About this exercise - In the lines below, count those containing the word "image" and give the number alone.

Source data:
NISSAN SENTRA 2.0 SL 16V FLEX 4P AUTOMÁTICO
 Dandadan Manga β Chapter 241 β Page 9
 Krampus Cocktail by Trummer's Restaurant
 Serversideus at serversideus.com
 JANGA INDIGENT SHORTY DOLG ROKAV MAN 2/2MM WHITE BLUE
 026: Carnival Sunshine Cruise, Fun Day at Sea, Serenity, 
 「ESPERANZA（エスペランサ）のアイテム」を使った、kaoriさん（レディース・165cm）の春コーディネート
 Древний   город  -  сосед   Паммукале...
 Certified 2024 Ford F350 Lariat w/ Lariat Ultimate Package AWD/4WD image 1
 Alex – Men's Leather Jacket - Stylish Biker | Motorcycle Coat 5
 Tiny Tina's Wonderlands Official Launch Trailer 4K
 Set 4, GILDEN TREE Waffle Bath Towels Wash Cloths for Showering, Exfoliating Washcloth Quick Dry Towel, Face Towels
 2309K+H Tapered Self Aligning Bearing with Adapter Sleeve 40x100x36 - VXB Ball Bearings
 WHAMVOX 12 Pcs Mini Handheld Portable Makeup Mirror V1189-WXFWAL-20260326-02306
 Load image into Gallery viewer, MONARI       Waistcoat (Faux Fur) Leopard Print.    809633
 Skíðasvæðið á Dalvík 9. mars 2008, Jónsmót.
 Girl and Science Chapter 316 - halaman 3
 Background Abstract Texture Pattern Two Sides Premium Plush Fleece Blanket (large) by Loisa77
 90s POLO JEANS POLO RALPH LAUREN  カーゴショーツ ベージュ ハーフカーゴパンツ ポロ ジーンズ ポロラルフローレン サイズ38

Written solution - 2